Now obviously there would need to be some kind of minimum daily pay to ensure that you’re not getting screwed just because there isn’t a lot that needs to get done in a given time period. People smarter than me could figure out the specifics of what would be fair based on employee skill and experience and other factors. I’m sure there are myriad facets of such a system that would need to be carefully considered on an individual company basis to make sure that it is fair and equitable for everyone.

The point is that many of us aren’t really lazy, we just don’t believe in putting in effort that we aren’t benefitting from. I can spend hours agonizing of the tiniest of details when I’m working on something that is important to me because it’s something that has some sort of intrinsic benefit to me. The three hundred plus hours I’ve put into my survival mode of the video game Raft can absolutely attest to my OCD nature when I’m working on something that has value to me.

One of my biggest desires is to have a job where I can put that kind of time and attention into something, but I can only find the motivation to do it if there is some kind of direct reward. The promise of a potential future promotion isn’t enough to entice me to put in the extra effort, mostly because my efforts alone aren’t the only factor that determines my reward and I can put in a huge amount of effort and still have no reward if things just don’t work out. It relies on others choosing to put me in that position, and I don’t like relying on someone else to decide my rewards.

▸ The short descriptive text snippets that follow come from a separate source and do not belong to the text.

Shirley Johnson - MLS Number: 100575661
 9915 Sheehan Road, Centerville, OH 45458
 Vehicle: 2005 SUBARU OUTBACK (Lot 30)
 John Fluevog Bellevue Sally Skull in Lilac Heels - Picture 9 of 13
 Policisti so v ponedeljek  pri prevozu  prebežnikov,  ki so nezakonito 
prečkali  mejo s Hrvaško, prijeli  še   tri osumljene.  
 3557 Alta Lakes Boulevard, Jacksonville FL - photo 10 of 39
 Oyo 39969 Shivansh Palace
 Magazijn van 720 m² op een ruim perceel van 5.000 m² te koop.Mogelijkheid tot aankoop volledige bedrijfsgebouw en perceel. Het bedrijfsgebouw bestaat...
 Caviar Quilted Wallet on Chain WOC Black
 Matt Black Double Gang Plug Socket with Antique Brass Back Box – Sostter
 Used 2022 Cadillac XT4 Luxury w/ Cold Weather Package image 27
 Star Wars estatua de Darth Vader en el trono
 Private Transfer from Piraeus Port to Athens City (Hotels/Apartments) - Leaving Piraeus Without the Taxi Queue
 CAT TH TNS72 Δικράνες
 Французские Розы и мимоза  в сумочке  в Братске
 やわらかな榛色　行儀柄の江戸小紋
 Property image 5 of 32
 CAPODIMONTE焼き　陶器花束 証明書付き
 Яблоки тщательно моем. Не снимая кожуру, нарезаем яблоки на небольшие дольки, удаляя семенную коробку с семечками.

Having a system where there is an immediate benefit to putting in more work is ideal for people like me who hate wasting a lot of time, mostly because it provides me with the choice of just putting in a few hours of work to meet the minimum for the day, or staying longer so I can bank some more cash. It would provide me with a sense of agency that a straight hourly wage just doesn’t allow. While I personally probably won’t stay long hours trying to make a bunch of extra money, it would provide me with the benefit of having more time to do what I want rather than slaving away all day at a job that doesn’t really justify an eight hour shift.

But hey, change is hard, and what employer do you know that really cares about how their employees feel?